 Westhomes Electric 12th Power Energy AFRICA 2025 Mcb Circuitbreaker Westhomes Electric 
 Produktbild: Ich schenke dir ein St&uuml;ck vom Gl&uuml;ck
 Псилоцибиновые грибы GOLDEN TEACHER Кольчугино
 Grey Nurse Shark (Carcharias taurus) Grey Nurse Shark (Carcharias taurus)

****

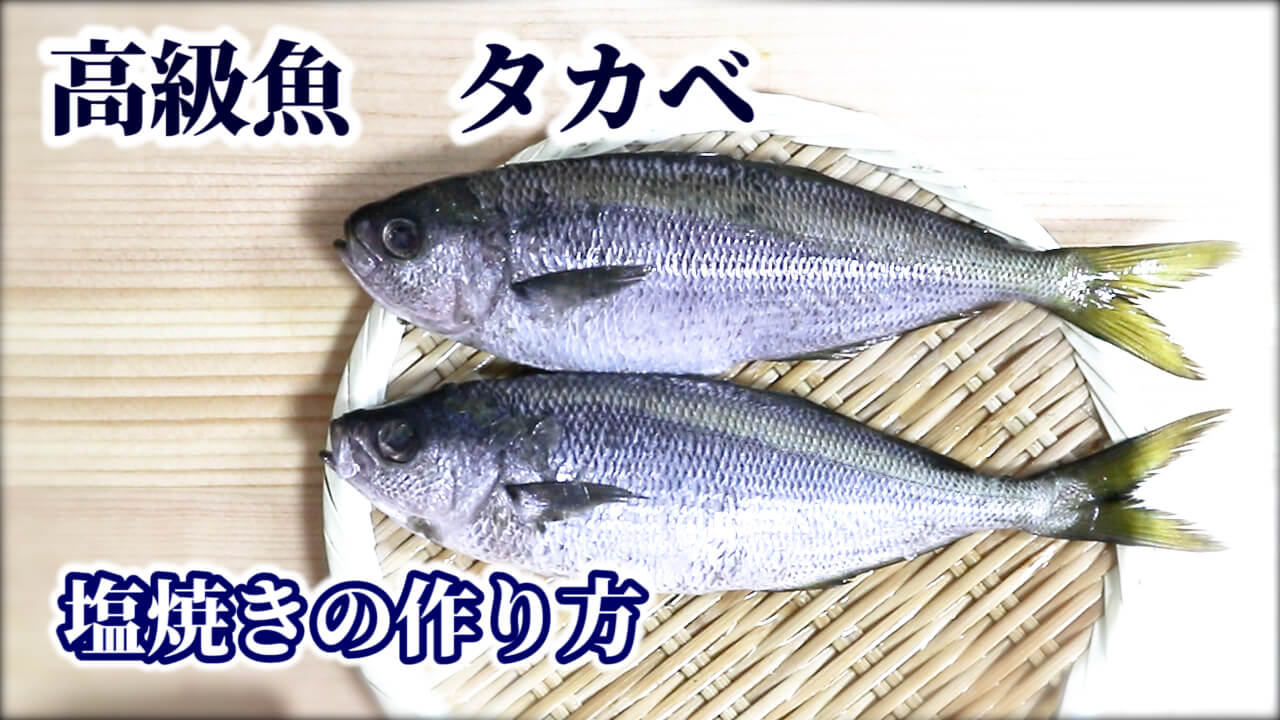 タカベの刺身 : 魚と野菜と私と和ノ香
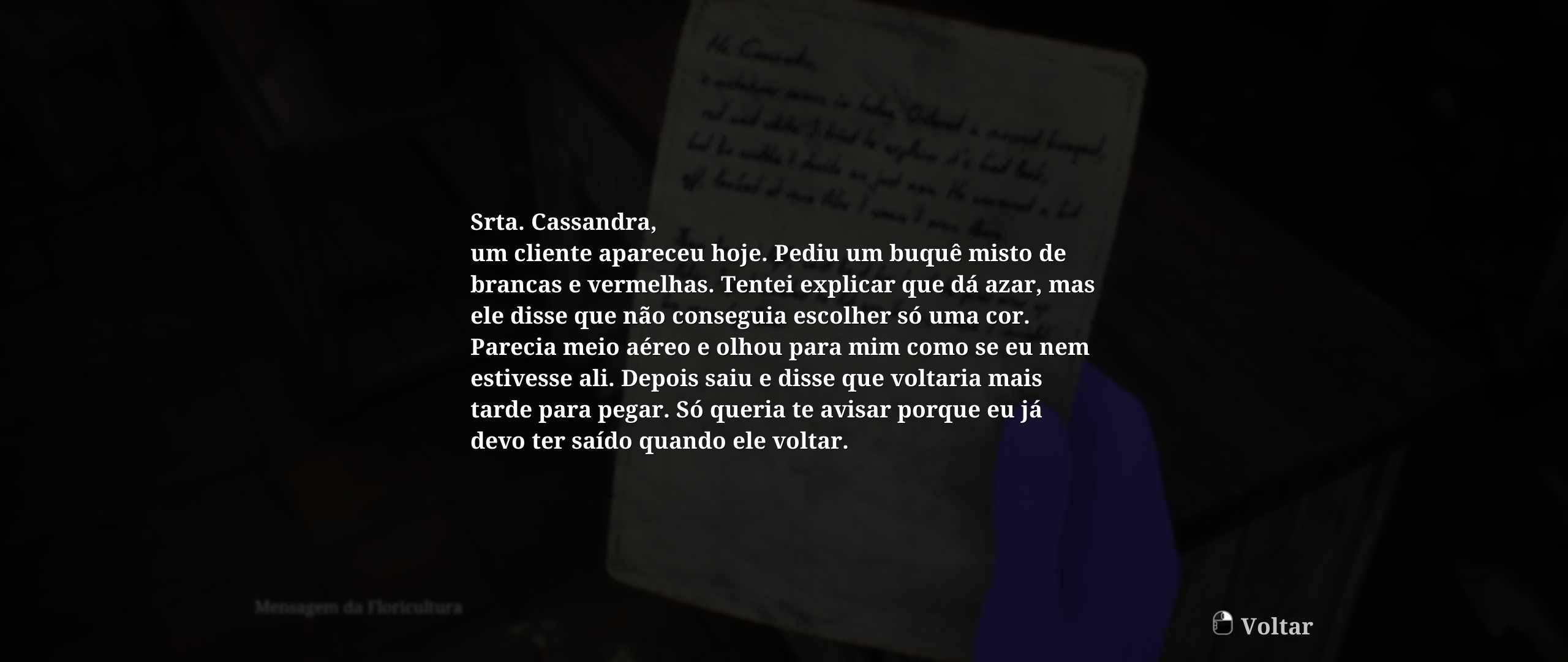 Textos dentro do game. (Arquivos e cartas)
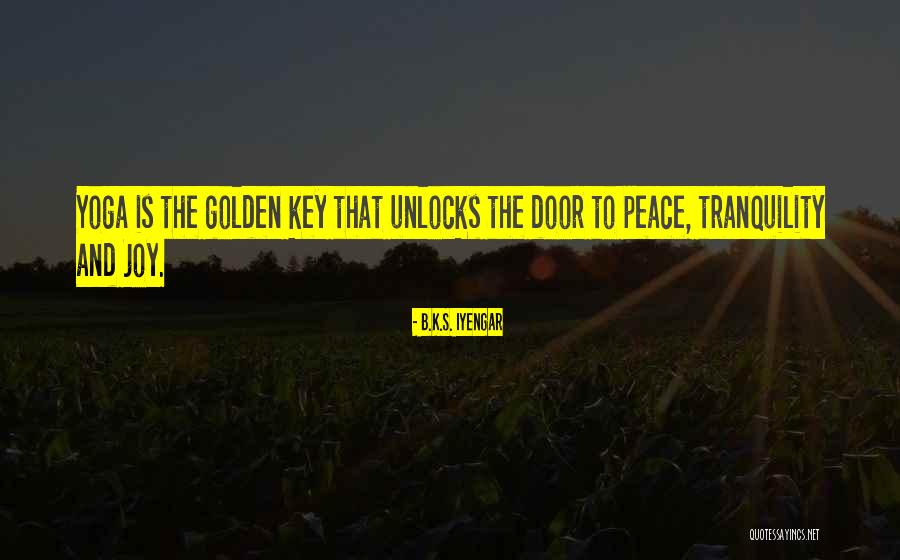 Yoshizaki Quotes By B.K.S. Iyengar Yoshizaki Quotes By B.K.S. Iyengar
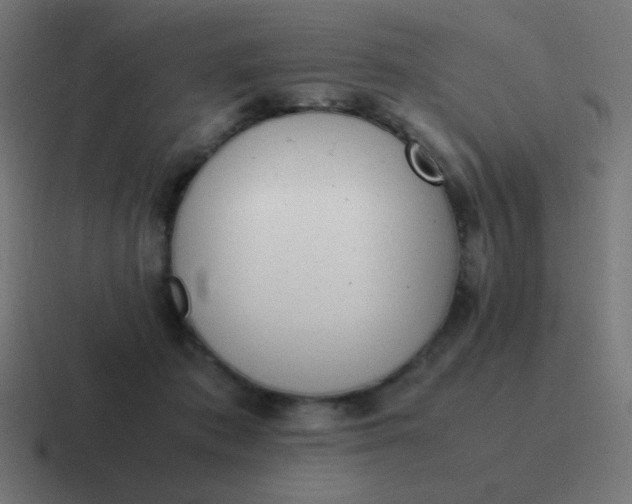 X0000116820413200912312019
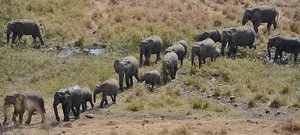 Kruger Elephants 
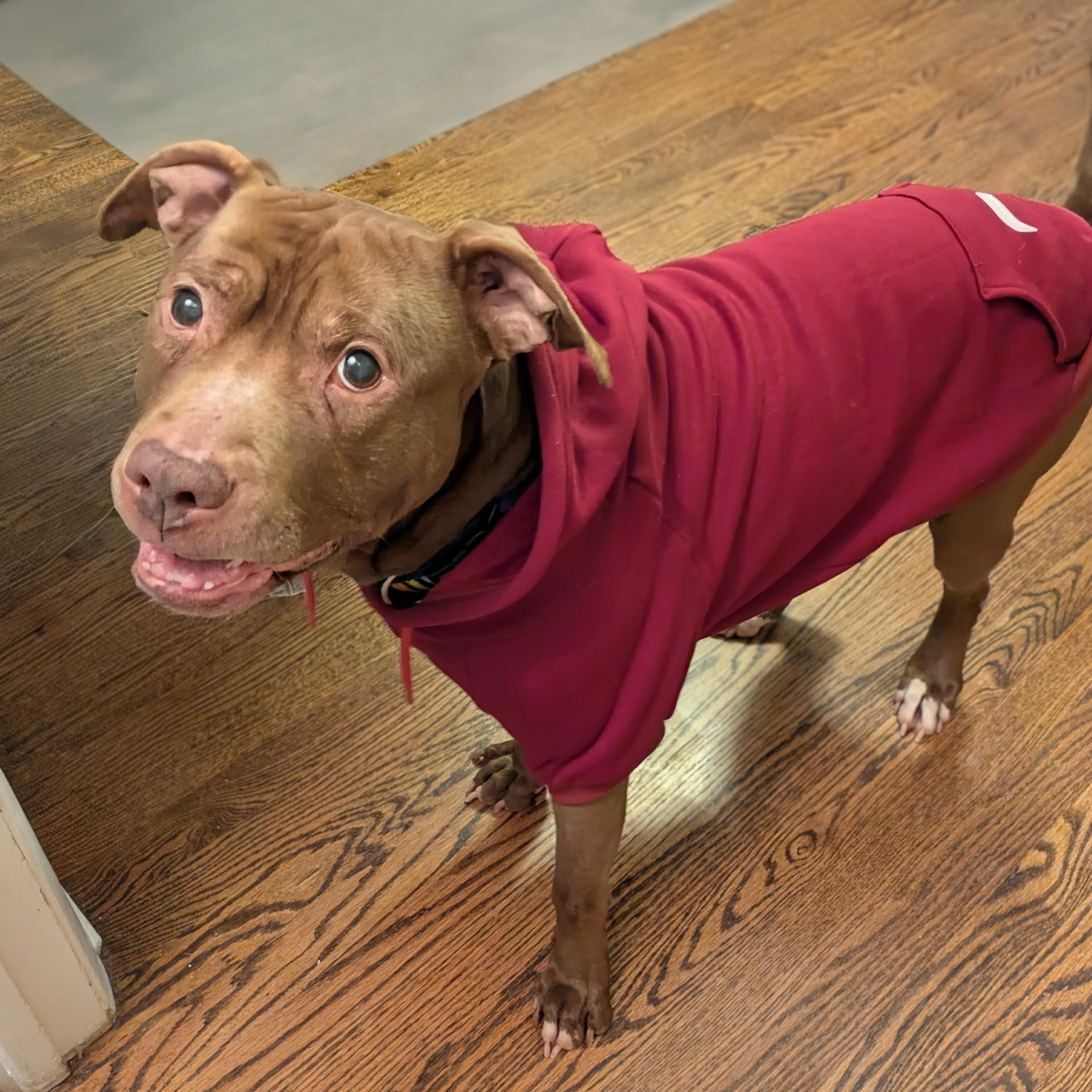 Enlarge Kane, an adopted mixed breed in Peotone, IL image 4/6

****

Up in the listing, locate the line with "Kruger Elephants"; print it and every line after it down to the line with "Enlarge Kane, an", which is included too. Skip the pictures.

 Kruger Elephants 
 Enlarge Kane, an adopted mixed breed in Peotone, IL image 4/6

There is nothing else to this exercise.